Company fined $59,000 for sham contracting

by HCA13 Jun 2017

The former operators of a Perth accommodation facility have been penalised $58,740 in the Federal Court after a sham contract case that was the subject of a successful High Court appeal by the Fair Work Ombudsman.

It was alleged that Quest South Perth Holdings violated the sham arrangement provisions of workplace laws in 2009 when it attempted to convert three employees – two housekeepers and a receptionist – into independent contractors.

Quest dismissed the workers and immediately re-hired the two housekeepers as independent contractors to perform the same duties. The receptionist was not re-hired after Quest dismissed her.

The FWO alleged the contracting arrangement was a sham and the correct relationship for the three workers was as employees.

After part of the FWO’s case was dismissed by the Federal Court and the Full Court of the Federal Court, the FWO lodged its first ever High Court appeal.

The High Court unanimously upheld the appeal in late 2015, ruling that Quest South Perth Holdings’ conduct broke the sham contracting laws.

The matter was referred back to the Federal Court, where penalties have now been imposed against the company by Justice John Gilmour.

Justice Gilmour found that the contraventions were the result of “Quest's strategy and desire to engage the employees as independent contractors so their rights and entitlements would not be protected by industrial relations legislation”.

Justice Gilmour said the FWO submits correctly that the impact of sham contracting contraventions is that workers believe that they are deprived from the wide ranging entitlements afforded to employees.

These include minimum rates of pay, annual leave, personal leave, long service leave, parental leave, superannuation, workers compensation, notice upon termination of employment and eligibility to access other protections such as unfair dismissal applications, general protections applications or an application for an order to stop bullying.
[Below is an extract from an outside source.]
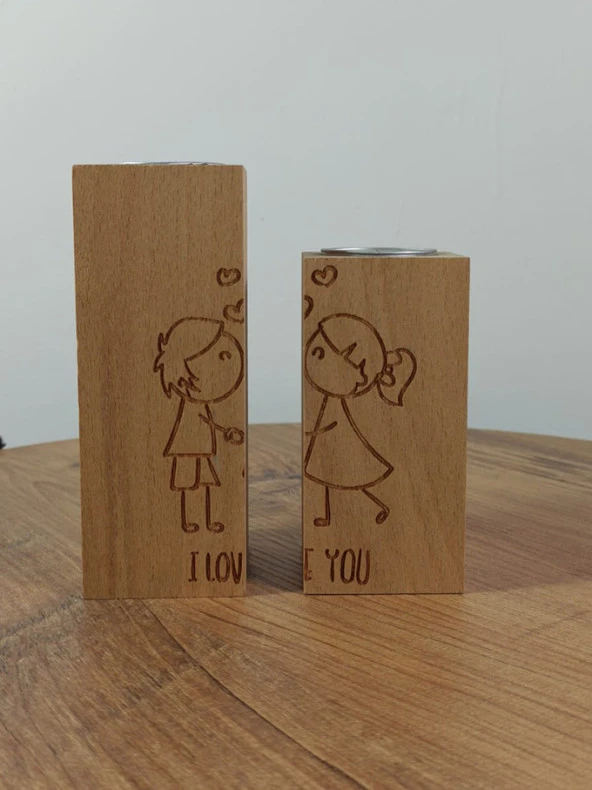 Aşk Motifli Dekoratif Ahşap İkili Mumluk ve Hediye İki Adet Mum - 8
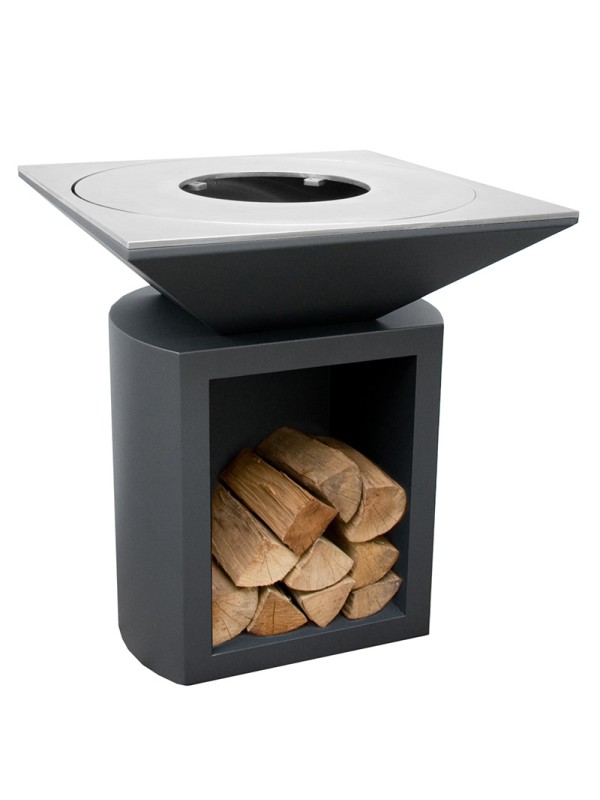 Churrasqueira com furo para wok, grelha com pés de aço e capa g2 graphite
Justice Gilmour said Quest’s contraventions involved “deliberate and conscious acts designed to circumvent industrial relations legislation and the protections they provide” and found that the impact on the three workers was significant.

After the purported conversion to independent contractors, the receptionist was offered no further shifts, while the two housekeepers were paid a flat rate that did not make provision for entitlements such as weekend and public holiday penalty rates or overtime.

He found that the conversion of the receptionist “was implemented with the specific intent to allow Quest to terminate her employment without risk of unfair dismissal and to remove her other entitlements”.

Justice Gilmour found there was a need to impose penalties that helped to maintain a level playing field for employers with respect to wage costs and deterred others from similar conduct.

“The sham arrangement provisions are, I accept, important provisions that protect employees from unscrupulous employers,” Justice Gilmour said.

Fair Work Ombudsman Natalie James said the outcome sends a clear message that her Agency will not tolerate attempts to use corporate trickery to try to disguise employment relationships as contracting situations.

“The significant resources we have committed to pursuing this matter for several years reflect the seriousness with which we treat sham contracting behaviour,” said James.

“These proceedings send a message to unscrupulous employers about the consequences of sham contracting behaviour.

“The High Court ruling we secured in this matter was also important because it creates greater legal protection for employees in situations where employers attempt to avoid responsibility for providing employees’ lawful minimum wages and entitlements by claiming employees are independent contractors.”